Stored entries:

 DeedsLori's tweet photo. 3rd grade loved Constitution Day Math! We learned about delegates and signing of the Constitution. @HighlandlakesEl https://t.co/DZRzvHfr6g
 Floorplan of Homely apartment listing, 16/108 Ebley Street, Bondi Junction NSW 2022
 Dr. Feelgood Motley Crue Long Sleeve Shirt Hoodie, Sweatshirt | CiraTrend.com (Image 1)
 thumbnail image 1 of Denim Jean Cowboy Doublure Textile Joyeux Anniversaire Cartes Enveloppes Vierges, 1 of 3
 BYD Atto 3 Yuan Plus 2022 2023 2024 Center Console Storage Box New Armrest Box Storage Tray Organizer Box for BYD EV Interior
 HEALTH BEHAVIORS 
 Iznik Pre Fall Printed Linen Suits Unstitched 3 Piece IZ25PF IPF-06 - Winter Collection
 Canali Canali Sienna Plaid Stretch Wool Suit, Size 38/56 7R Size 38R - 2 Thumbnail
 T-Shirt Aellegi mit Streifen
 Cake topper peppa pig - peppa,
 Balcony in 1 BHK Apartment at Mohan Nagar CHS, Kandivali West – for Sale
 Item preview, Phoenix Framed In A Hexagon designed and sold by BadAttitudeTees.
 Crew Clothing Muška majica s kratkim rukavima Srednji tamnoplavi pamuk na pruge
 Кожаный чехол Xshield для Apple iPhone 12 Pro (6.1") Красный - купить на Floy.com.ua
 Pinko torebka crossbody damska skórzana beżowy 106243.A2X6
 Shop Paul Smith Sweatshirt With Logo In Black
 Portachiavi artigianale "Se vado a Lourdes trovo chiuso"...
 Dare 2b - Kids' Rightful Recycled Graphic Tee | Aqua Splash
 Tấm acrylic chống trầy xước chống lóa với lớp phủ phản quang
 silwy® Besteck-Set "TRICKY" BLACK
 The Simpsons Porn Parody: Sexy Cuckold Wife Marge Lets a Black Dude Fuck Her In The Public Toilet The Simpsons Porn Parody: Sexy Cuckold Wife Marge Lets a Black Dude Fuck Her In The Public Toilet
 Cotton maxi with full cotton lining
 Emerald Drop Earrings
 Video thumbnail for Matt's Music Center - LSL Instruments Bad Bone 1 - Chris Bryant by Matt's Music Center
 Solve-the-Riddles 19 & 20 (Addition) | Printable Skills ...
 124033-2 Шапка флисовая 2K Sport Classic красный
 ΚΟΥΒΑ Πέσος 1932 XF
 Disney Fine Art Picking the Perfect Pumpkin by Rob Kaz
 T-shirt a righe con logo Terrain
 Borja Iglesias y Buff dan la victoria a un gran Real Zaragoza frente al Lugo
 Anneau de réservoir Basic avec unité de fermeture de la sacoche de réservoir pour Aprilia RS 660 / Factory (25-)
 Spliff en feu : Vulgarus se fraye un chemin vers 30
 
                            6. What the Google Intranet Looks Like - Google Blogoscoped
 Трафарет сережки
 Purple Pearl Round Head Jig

REQUIREMENT:
From the entries, report every line in which the string "Sweatshirt" occurs.

EXPECTED ANSWER:
 Dr. Feelgood Motley Crue Long Sleeve Shirt Hoodie, Sweatshirt | CiraTrend.com (Image 1)
 Shop Paul Smith Sweatshirt With Logo In Black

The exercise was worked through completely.